Résultat : les pouvoirs publics organisent la concurrence entre l’enseignement public (une « obligation » selon la Constitution !) et l’enseignement privé… au détriment du premier ! Les exemples actuels de Beaupréau (Maine-et-Loire) et Ploërmel (Morbihan) sont justement analysés dans l’ouvrage : les collectivités locales font barrage pour empêcher l’ouverture d’établissements publics qui mettraient fin au monopole des collèges et lycées confessionnels !
On appréciera le chapitre 8, qui se propose de « démystifier » la « guerre sémantique » menée par le cléricalisme. Notons et retenons pour notre usage militant la distinction développée entre « liberté de religion » (protégée avec celle de conviction au titre du droit fondamental à la liberté de conscience) et « liberté religieuse », concept forgé par le Vatican pour réclamer une liberté sui generis, fermée aux incroyants, car fondée sur la spécificité (voire la supériorité ?) de la « doctrine religieuse » « pour organiser toute la société et vivifier l’activité humaine »((Déclaration Dignitatis Humanae du Concile Vatican II, 1965.)).
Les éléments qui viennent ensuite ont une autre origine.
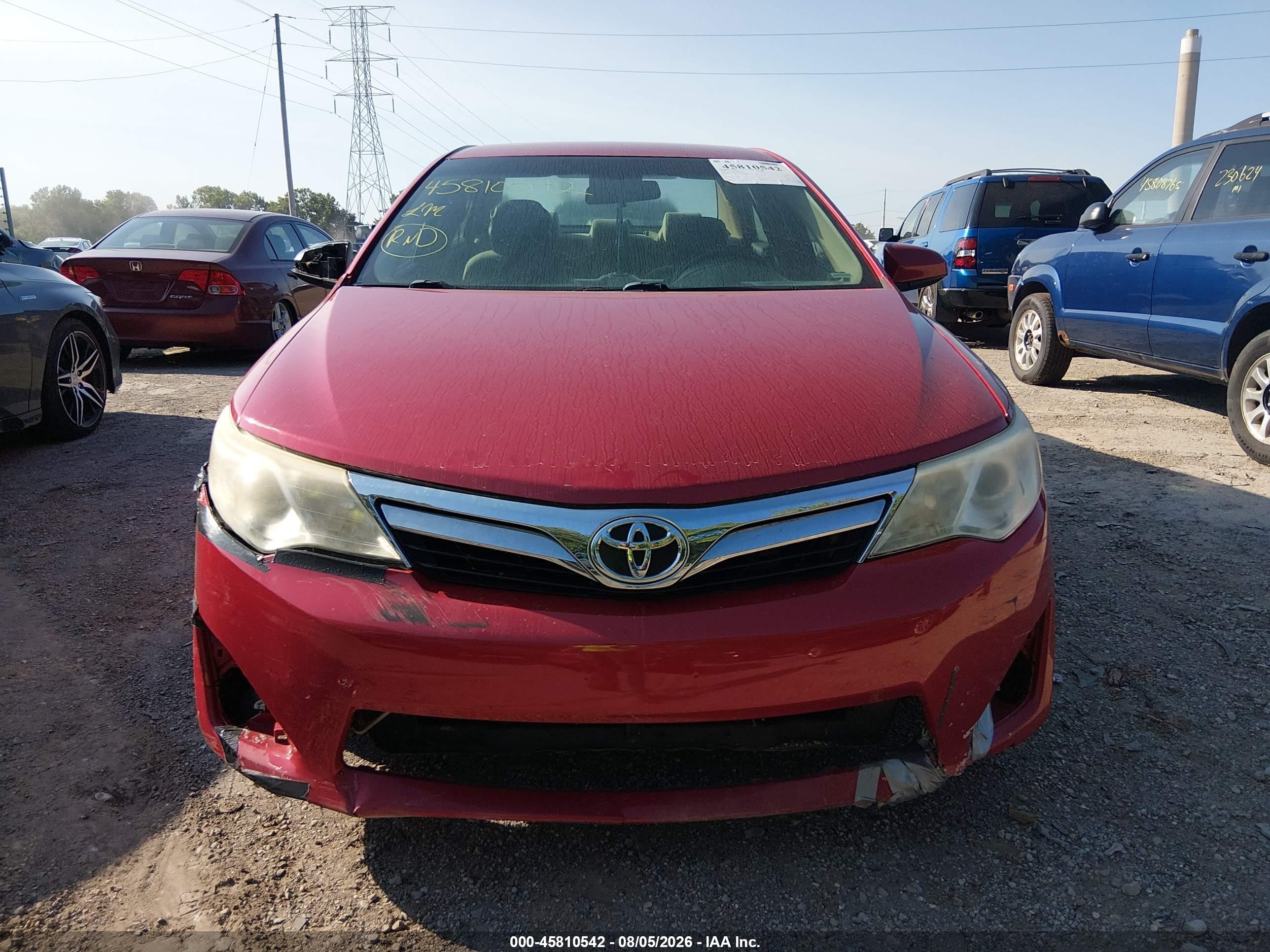 2014 Toyota Camry Le Red vin: 4T1BF1FK6EU831567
Mais « sans la liberté de blâmer il n’est point d’éloge flatteur ». On appréciera beaucoup moins les dernières pages de l’ouvrage célébrant la « refondation de l’école », dont l’UFAL a dit le peu de bien qu’elle pensait. Passe encore pour la nostalgie de la « primarisation » du collège, du bon temps des PEGC : au moins l’élévation du niveau de formation des enseignants et de sa congruence avec la discipline enseignée est-elle aujourd’hui un acquis… sous réserve du recrutement massif et peu regardant de vacataires ou contractuels dans certaines matières et filières ! Mais est-il honnête de rendre le secondaire responsable de l’exclusion scolaire, alors que celle-ci s’opère dès l’école primaire (voire la maternelle), un demi-siècle d’études le montrent ?
Quant à la tirade contre l’enseignement des lettres classiques, qui serait le reflet de l’élitisme social et du corporatisme de certains syndicats (sic), elle fleure bon la démagogie ministérielle actuelle. Pour avoir enseigné latin et grec dans un établissement « sensible » de Créteil, du temps (pas trop lointain) où la République offrait à tous ce qu’il y avait de mieux, je me sens personnellement blessé.
Désolé de ne pas regretter Louis Legrand (que j’ai entendu louer le « savoir réparer une mobylette » comme alternative au savoir académique), ni les groupes de niveau. Marri de ne pas considérer les difficultés scolaires comme des « handicaps » auxquels il faudrait « remédier »((Sur les impasses de la « remédiation », voir Réapprendre à lire, de Sandrine Garcia et Anne-Claudine Oller (2015, Seuil) )). Confus de ne pas admettre que « la maîtrise de quelque discipline, aussi prestigieuse soit-elle » devrait, dans une licence d’enseignement, passer derrière la (supposée) « capacité à enseigner ». Navré de ne pas tenir la défense de « l’enseignement du latin » et la contestation des « rythmes scolaires » pour l’apanage des « conservatismes de tout poil, des cléricaux, des libéraux, et aussi, hélas de nombreux enseignants ». Mais au fait, ce panégyrique de la refondation ne nous éloigne-t-il pas de la laïcité ? Et dans la « guerre scolaire », cette refondation est-elle une arme, ou un dommage de plus pour la République ?
Quoi qu’il en soit, conseillons l’ouvrage de Guy Georges et Alain Azouvi : il nous rappelle utilement d’où nous venons, où nous en sommes, et le combat laïque et républicain qu’il nous faut, inlassablement, mener.